Officers can continue to make stops under the program and Scheindlin ordered the department to develop and adopt a written policy describing limited circumstances when a person on a suspicion of trespass can be stopped. She also ordered the department to revise its training materials and programs to conform with the law, though she suspended the effect of these orders until the city can challenge them legally in coming weeks.
Scheindlin said the plaintiffs who presented evidence at a fall hearing had shown a clear likelihood of proving the city had shown deliberate indifference toward a widespread practice of unconstitutional trespass stops by police outside the buildings.
“While it may be difficult to say where, precisely, to draw the line between constitutional and unconstitutional police encounters, such a line exists, and the NYPD has systematically crossed it when making trespass stops” outside Bronx buildings, she said.

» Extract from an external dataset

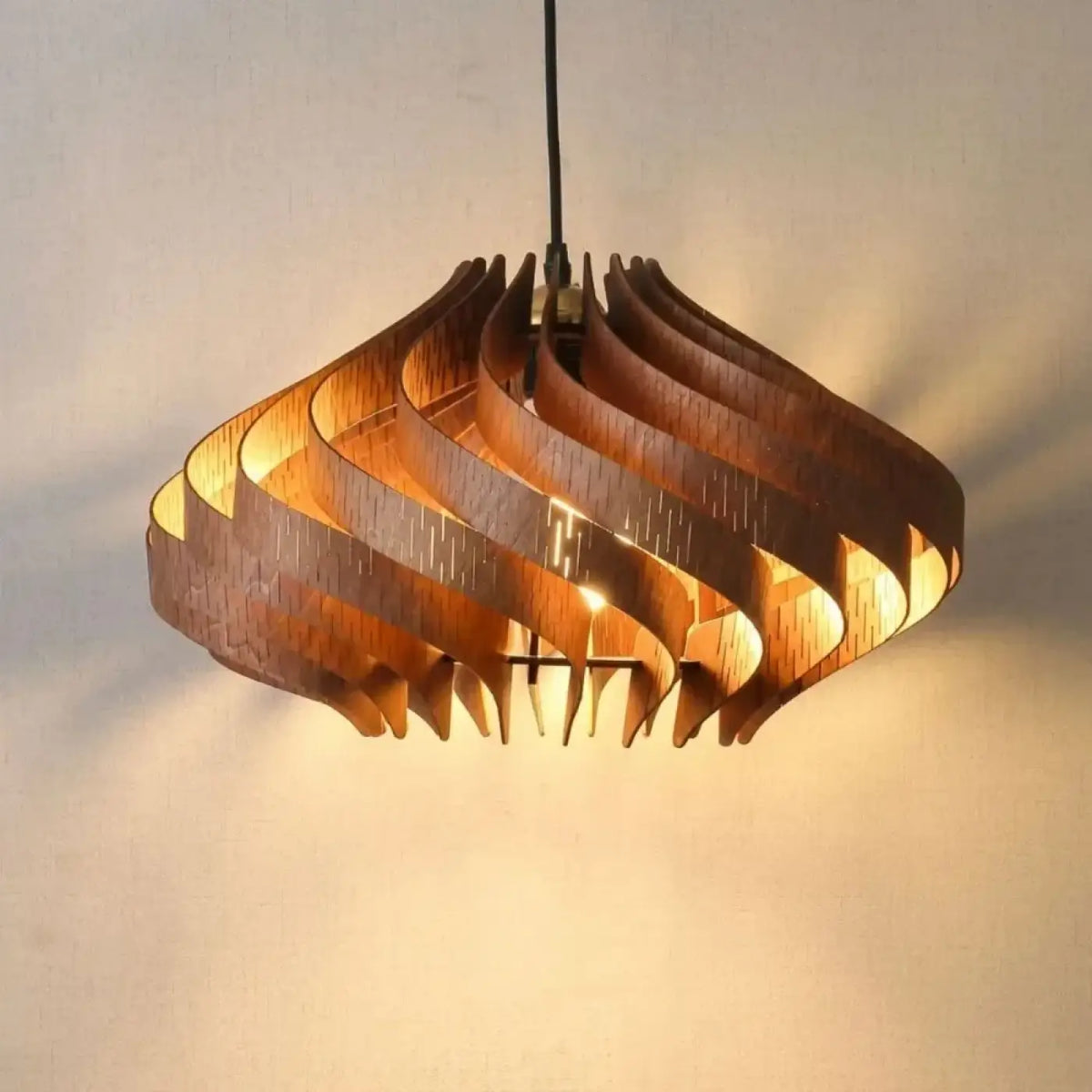 Suspension en bois à effet de vagues, beige ou marron, marron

Scheindlin said she was not ordering the abolition or even a reduction of the program because it appears to be a valuable way to use police resources to enhance security in private buildings.
But police Commissioner Raymond Kelly said the ruling “unnecessarily interferes with the department’s efforts to use all of the crime-fighting tools necessary to keep Clean Halls buildings safe and secure.”

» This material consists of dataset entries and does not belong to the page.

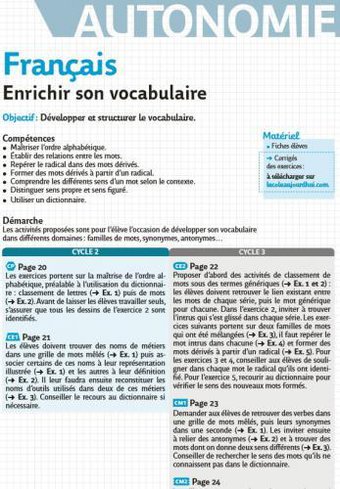 Image de Enrichir son vocabulaire / Développer et structurer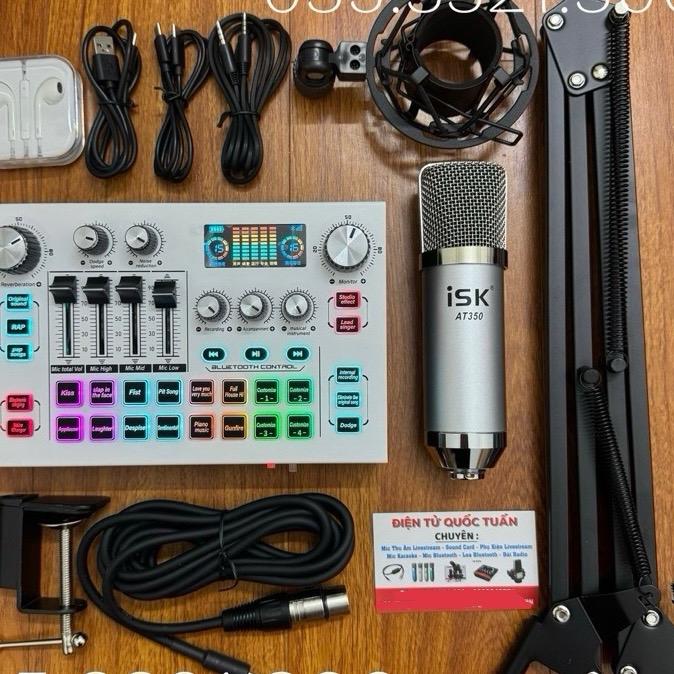 Hàng Hót 2024,Bộ Mic thu âm isk AT350 Kèm sound card X7 có sẵn nguồn 48v đầy đủ hiệu ứng và bluetooth tai nghe , chân kẹp, dây kết nối đầy đủ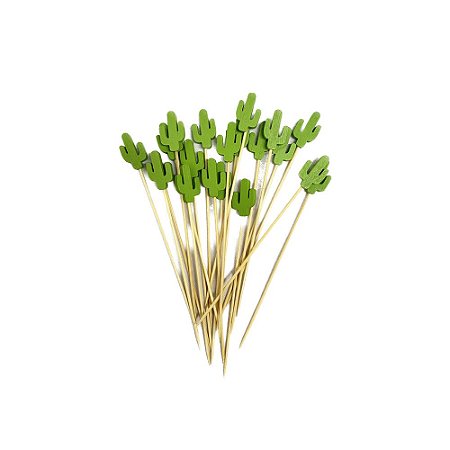Enfeite De Bambu Cactus Espeto Decoração Festas 20unid
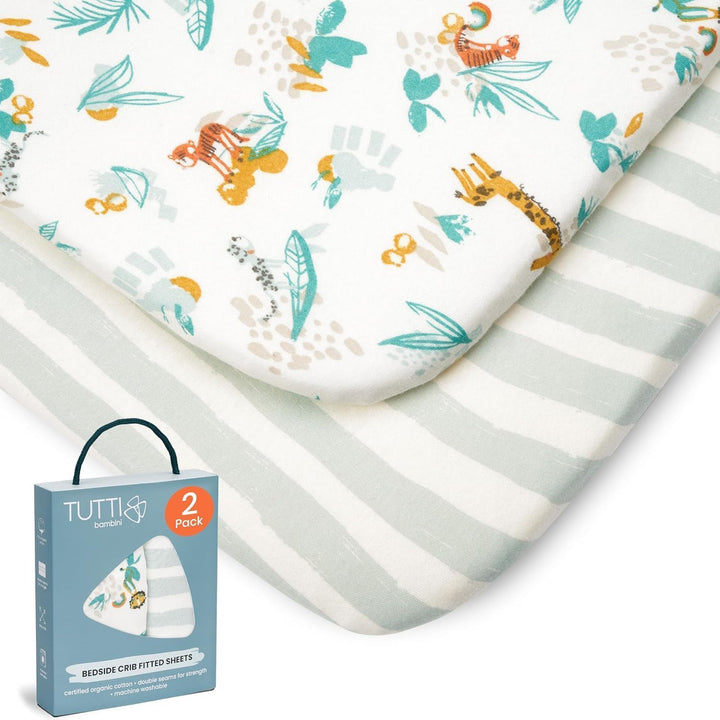 Tutti Bambini Spannbettlaken Beistellbett (2er-Pack) - Atmungsaktiver Bambus-Jersey - Spannbetttuch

He noted landlords had requested extra police protection, and he compared it to Manhattan doormen “who routinely challenge visitors to their apartment buildings.
“Through ‘Clean Halls,’ the police have worked to provide a modicum of safety for less prosperous tenants,” Kelly said.

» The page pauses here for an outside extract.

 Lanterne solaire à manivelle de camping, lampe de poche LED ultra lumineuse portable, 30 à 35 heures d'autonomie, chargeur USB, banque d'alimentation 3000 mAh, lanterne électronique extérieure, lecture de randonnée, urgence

City Corporation Counsel Michael A. Cardozo said there was no basis for federal court intervention and that remedial steps the judge proposed would place an unacceptable burden on the police department to adopt additional training, supervision, monitoring and reporting requirements.
Donna Lieberman, executive director of the New York Civil Liberties Union, called the ruling “a major step toward dismantling the NYPD’s stop-and-frisk regime.” She said Operation Clean Halls “has placed New Yorkers, mostly black and Latinos, under siege in their own homes in thousands of apartment buildings.”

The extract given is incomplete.